T-Mobile has agreed to pay at least $90 million to settle an investigation into allegations that the Bellevue, Wash., company billed customers millions of dollars in unauthorized third-party subscriptions and premium text-messaging services — a practice known as cramming.
Under the agreement, T-Mobile will pay at least $67.5 million in restitution to customers around the country. If consumer claims exceed that amount, T-Mobile will be responsible for paying all of them.
In addition to the full refunds, T-Mobile will have to pay $18 million in fines and penalties to the attorneys general of all 50 states and the District of Columbia and $4.5 million to the Federal Communications Commission to be paid to the U.S. Treasury.

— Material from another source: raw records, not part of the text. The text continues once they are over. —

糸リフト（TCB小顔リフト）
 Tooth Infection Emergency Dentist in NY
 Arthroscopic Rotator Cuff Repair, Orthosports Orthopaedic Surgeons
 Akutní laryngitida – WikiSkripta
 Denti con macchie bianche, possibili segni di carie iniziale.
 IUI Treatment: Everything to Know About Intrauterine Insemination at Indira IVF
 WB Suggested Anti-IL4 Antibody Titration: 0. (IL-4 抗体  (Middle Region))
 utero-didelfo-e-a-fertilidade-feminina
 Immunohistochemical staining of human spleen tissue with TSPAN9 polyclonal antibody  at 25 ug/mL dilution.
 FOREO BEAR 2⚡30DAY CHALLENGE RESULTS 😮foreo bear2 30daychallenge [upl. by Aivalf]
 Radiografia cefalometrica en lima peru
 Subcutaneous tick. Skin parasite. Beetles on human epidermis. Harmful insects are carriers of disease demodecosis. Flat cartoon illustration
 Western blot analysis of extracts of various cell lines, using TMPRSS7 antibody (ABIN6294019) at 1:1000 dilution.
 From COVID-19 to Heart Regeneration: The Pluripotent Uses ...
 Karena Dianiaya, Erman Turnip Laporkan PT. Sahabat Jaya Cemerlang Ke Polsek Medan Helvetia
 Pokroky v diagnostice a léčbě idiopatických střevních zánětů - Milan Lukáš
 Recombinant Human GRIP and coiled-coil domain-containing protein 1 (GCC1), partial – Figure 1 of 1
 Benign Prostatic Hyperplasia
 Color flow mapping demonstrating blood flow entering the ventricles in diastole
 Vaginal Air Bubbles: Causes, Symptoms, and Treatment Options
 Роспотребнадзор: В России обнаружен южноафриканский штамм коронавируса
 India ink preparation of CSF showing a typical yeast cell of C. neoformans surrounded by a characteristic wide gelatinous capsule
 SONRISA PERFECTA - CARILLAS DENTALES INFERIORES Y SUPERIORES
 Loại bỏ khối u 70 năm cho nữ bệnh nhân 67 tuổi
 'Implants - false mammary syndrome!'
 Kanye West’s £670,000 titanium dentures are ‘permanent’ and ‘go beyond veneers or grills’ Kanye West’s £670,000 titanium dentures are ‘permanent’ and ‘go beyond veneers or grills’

The Federal Trade Commission filed a lawsuit against T-Mobile in July, alleging the company placed millions of dollars in unwanted third-party charges on its customers’ mobile-phone bills, receiving 35 to 40 percent of every charge they placed. The charges were for services like horoscopes and news tidbits, for which T-Mobile typically billed consumers $9.99 per month.
Since January, the FCC has taken seven enforcement actions against carriers for alleged cramming and similar violations. The most recent action was in October against AT&T, which paid $105 million.
Last week, the Consumer Financial Protection Bureau, working with the FCC, filed a lawsuit against Sprint for cramming.